Professors at the University of Alabama discovered that 75 percent of homeless youth and 97 percent of undergraduate students were connected to social networking websites. Of the more than 300 people recruited for the survey, 237 participants were students from large universities, while 86 of the participants were homeless youth from shelters in New York and Los Angeles.
The study’s aim was to compare how homeless youth and college students are connecting with social networks, and it found that the two groups’ “technology use was strikingly similar,” wrote Rosanna Guadagno, Nicole Muscanell, and David Pollio, all employed by the University of Alabama.
Titled “The homeless use Facebook?! Similarities of social network use between college students and homeless young adults,” the study discovered that the two groups use social networking for different activities.
Undergraduate students use the websites for recreational purposes while homeless youth use social networking for means of communication, like messaging and blogging.
Homeless young women, the study concluded, don’t use the sites to stay in touch with friends or post messages, thus indicating that the women have smaller social groups and “reflecting a greater social isolation and fewer opportunities for these types of activities.”

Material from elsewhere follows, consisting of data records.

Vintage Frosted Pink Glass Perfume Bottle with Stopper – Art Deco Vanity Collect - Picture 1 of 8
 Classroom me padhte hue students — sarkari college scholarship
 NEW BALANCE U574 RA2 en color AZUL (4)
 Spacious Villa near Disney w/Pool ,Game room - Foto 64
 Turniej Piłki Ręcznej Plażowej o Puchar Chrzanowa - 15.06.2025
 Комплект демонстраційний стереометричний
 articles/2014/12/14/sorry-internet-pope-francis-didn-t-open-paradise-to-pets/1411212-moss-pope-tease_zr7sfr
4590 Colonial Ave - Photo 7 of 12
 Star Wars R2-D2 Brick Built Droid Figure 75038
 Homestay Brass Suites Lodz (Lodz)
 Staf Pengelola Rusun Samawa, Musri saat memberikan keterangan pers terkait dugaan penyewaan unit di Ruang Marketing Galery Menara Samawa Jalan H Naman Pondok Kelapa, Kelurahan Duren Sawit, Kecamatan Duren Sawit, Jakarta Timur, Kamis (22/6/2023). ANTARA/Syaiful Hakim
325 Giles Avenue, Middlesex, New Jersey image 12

With the assumption that because homeless youth don’t have the same ease of access to technology they must be not heavy users of social networks struck down, the digital divide between the two groups is not as significant as once believed.
“Since it is clear that the proportions of undergraduates and homeless young adults accessing social networking sites are similar, we assert that the term digital divide is not descriptive of the young adult population,” wrote the professors.